● **YOUR TASK**
An exact copy is needed of the lines from the one that contains "tylecacuocvipapp profile image" through the final line of the data below, with pictures left out.

● **EXERCISE DATA**
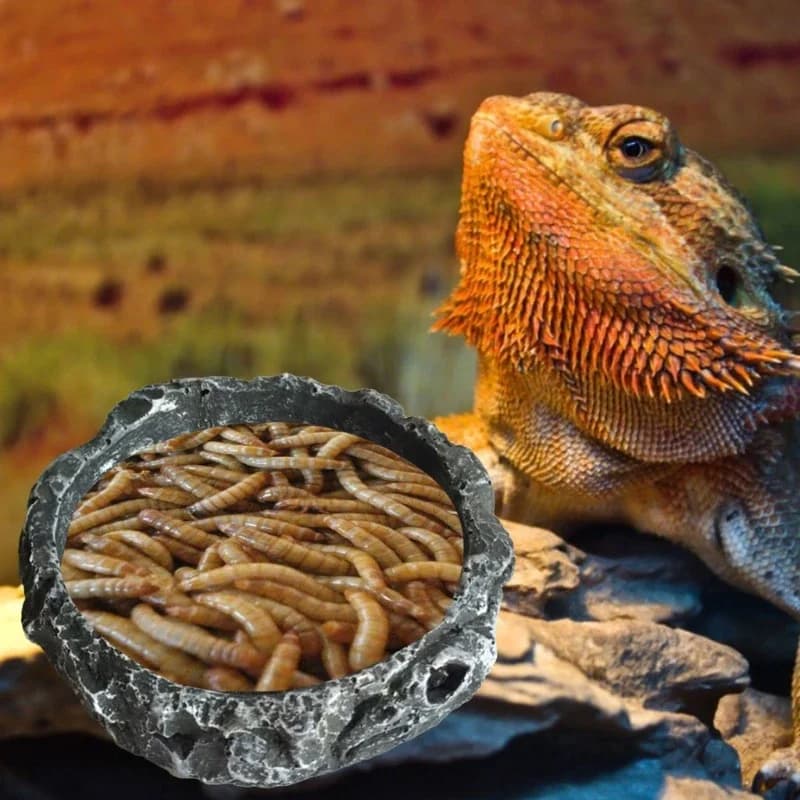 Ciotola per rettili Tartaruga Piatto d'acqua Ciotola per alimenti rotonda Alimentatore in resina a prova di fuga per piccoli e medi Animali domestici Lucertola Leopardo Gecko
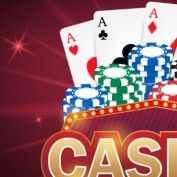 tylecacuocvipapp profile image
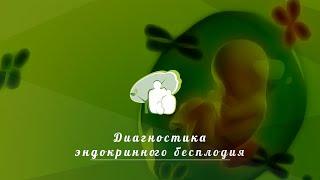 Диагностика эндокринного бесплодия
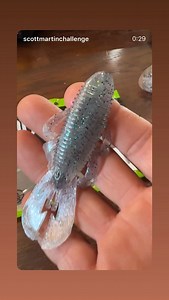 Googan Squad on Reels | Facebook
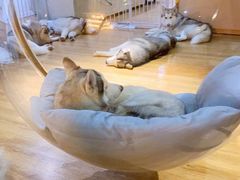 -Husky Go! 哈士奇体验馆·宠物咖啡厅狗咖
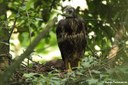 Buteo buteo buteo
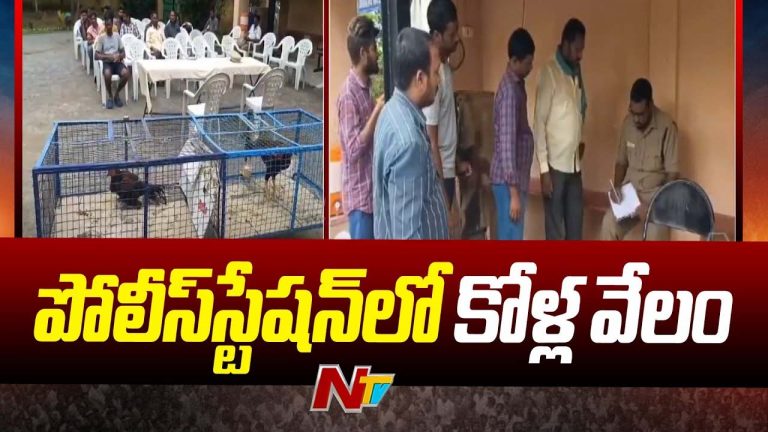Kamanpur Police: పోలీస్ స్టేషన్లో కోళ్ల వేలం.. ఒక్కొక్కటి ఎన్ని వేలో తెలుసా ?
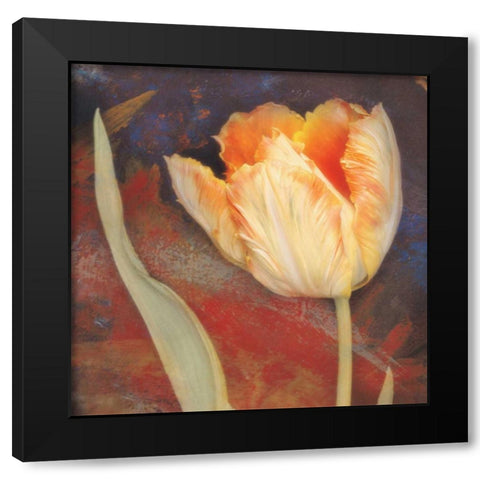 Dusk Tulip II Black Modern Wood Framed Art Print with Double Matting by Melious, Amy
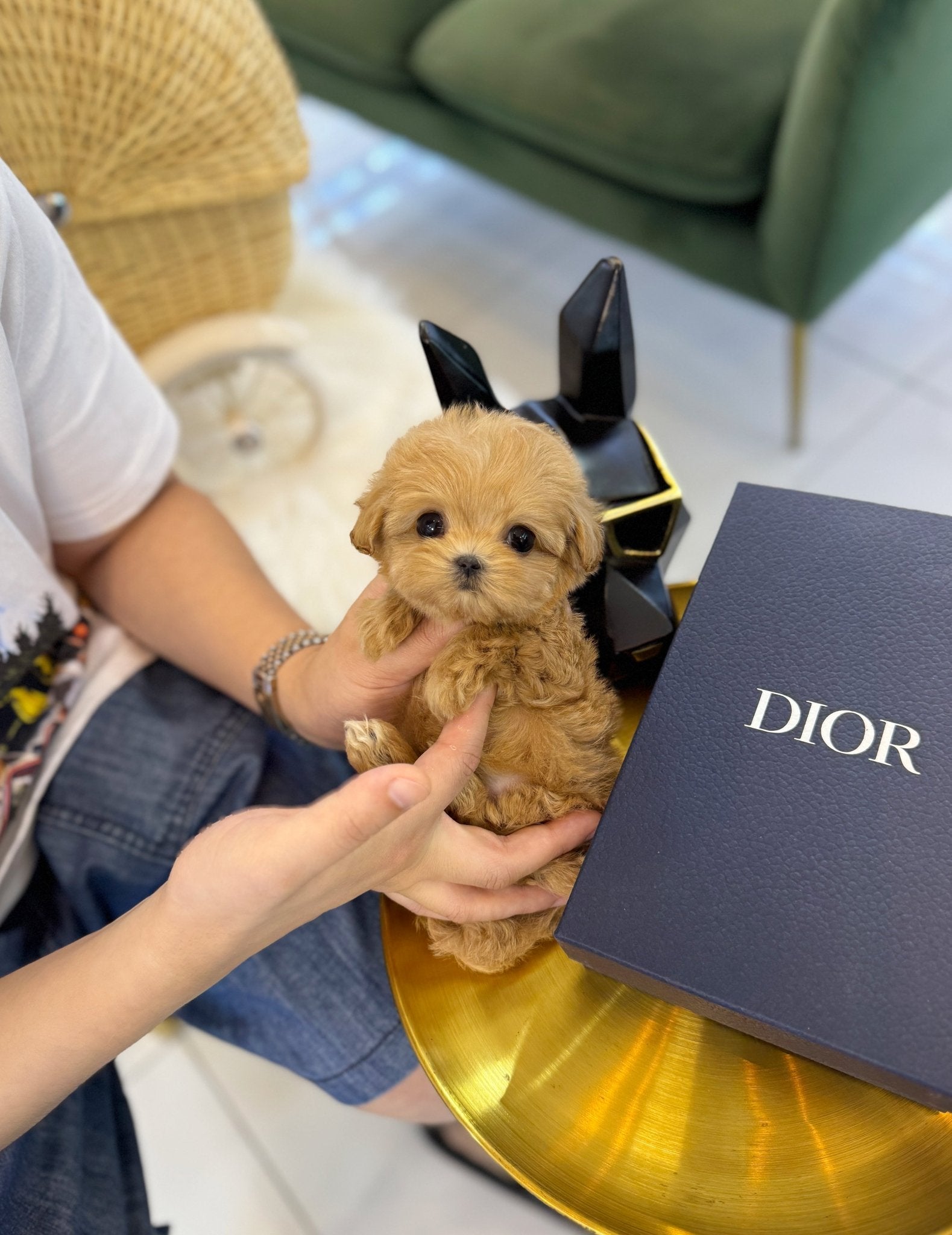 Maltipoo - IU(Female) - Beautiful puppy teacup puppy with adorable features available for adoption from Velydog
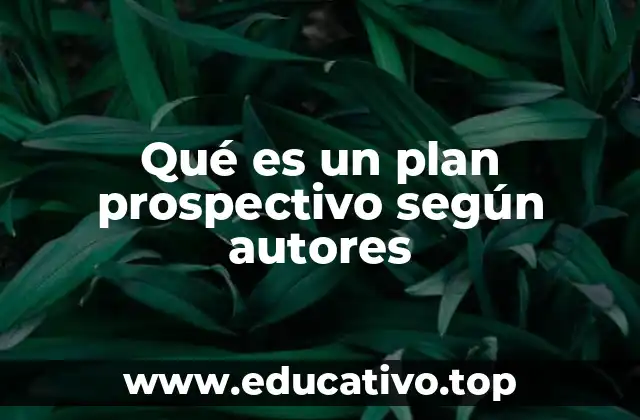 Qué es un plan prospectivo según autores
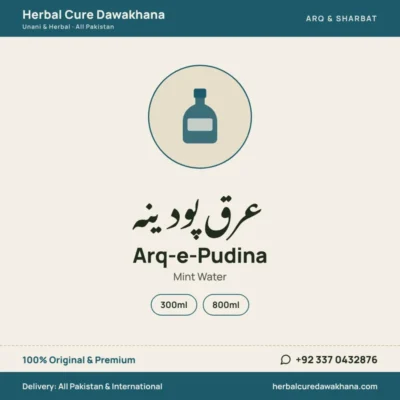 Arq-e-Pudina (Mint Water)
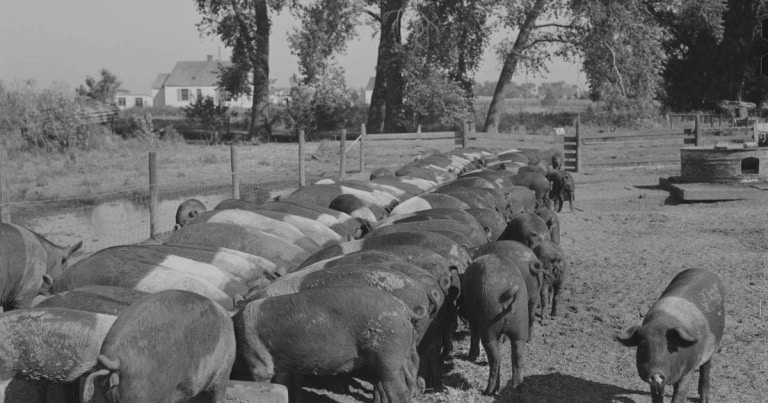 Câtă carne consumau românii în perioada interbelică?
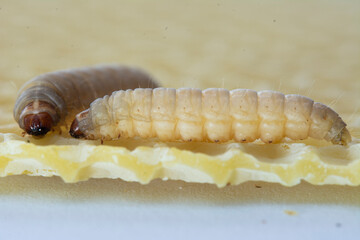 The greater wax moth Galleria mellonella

● **ANSWER TO THIS EXERCISE**
 tylecacuocvipapp profile image
 Диагностика эндокринного бесплодия
 Googan Squad on Reels | Facebook
 -Husky Go! 哈士奇体验馆·宠物咖啡厅狗咖
 Buteo buteo buteo
Kamanpur Police: పోలీస్ స్టేషన్లో కోళ్ల వేలం.. ఒక్కొక్కటి ఎన్ని వేలో తెలుసా ?
 Dusk Tulip II Black Modern Wood Framed Art Print with Double Matting by Melious, Amy
 Maltipoo - IU(Female) - Beautiful puppy teacup puppy with adorable features available for adoption from Velydog
 Qué es un plan prospectivo según autores
 Arq-e-Pudina (Mint Water)
 Câtă carne consumau românii în perioada interbelică?
 The greater wax moth Galleria mellonella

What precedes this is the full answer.